When used by BR the following terms have the indicated meanings (starting with the most basic items):
Document. A writing (whether handwritten, typed, printed or typeset) or communication intended to be comprehended by a person viewing it either in paper form or when displayed on an electronic device, and usually but not always involving visual representations of words or numbers. Movies and animations are not typically but may sometimes be included within the definition of “document.”
Author. The person or system that initially created a document.
Owner. The person or business unit that “owns” or is responsible for a document.

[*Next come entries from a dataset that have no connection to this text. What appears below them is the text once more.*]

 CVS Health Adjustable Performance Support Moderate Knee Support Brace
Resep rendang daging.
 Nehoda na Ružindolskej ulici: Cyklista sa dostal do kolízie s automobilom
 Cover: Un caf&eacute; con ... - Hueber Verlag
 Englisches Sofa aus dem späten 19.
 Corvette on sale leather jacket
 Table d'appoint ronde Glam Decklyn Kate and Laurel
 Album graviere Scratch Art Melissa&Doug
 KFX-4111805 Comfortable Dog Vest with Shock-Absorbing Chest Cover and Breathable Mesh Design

Textual Characters. Numbers, letters of the alphabet, punctuation, and ideographs used in visually representing a language.
Meaning. The information conveyed in a document. Meaning can be conveyed in a document in several ways including:
- Words expressed using textual characters.

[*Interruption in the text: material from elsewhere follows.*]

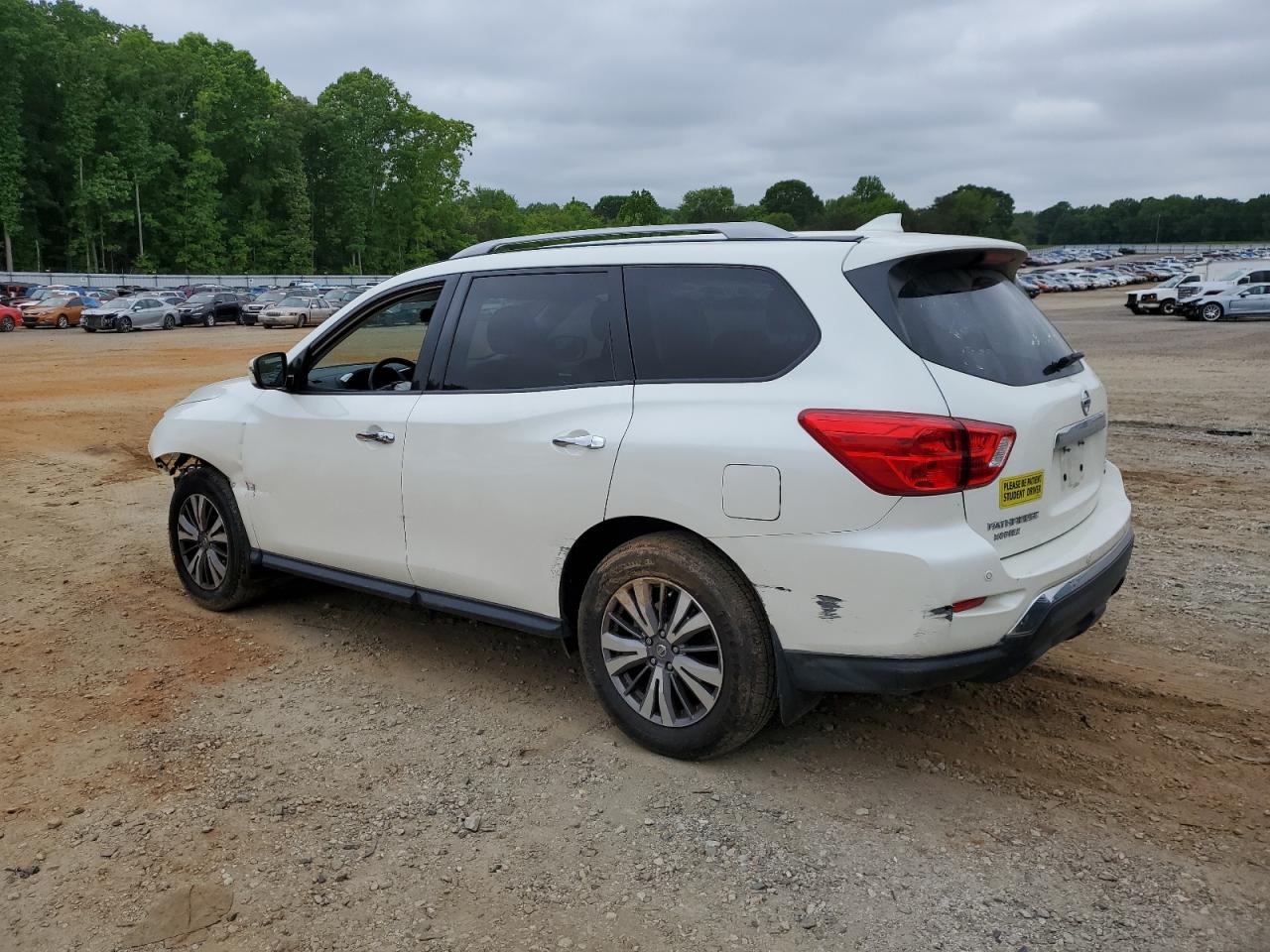 5N1DR2MM2KC615467 NISSAN PATHFINDER 2019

- Text formatting, e.g., large font size for titles or headings; bold , italics, or underlining for significant terms or phrases; and superscript or subscript for formulae or footnotes.
- Document formatting conventions whether general, industry-specific, or company-specific, e.g., the name of the author of a letter is shown at the top of the first page.
- Explicit labeling, e.g., “First Name:”
- Specialized vocabulary, e.g., “CTX1300” may refer to a particular make and model of motorcycle.
- Symbols, e.g., maps may have a special symbol for toll roads or cities of a specified size.
- Signatures, often denoting authorship, acceptance, approval, attendance, or participation
- Stamps, often denoting receipt or approval
- Diagrams and charts
Domain Expert. A person whose unique knowledge is required to evaluate documents or identify the explicit or implicit meanings in them. Ideally the domain expert would be able to provide the context in which certain document types were used, e.g., “if the document has this layout that means it was used in EDI transfers between 2001 and 2003.” Equivalent terms include “Subject Matter Expert,” or “Client Knowledge Worker.”
Record. For records management purposes, a document that an organization needs to retain for business or regulatory purposes.
Glyph. A shape or form in a document formed by pixels that are of a sufficiently different color from the background of the document as to be identifiable. A glyph may be a letter, number, punctuation, or non-textual symbol with meaning (e.g. Nike logo), or a glyph may be essentially errata or digital flotsam and jetsam without significant intended meaning (e.g., staple holes on a scanned document).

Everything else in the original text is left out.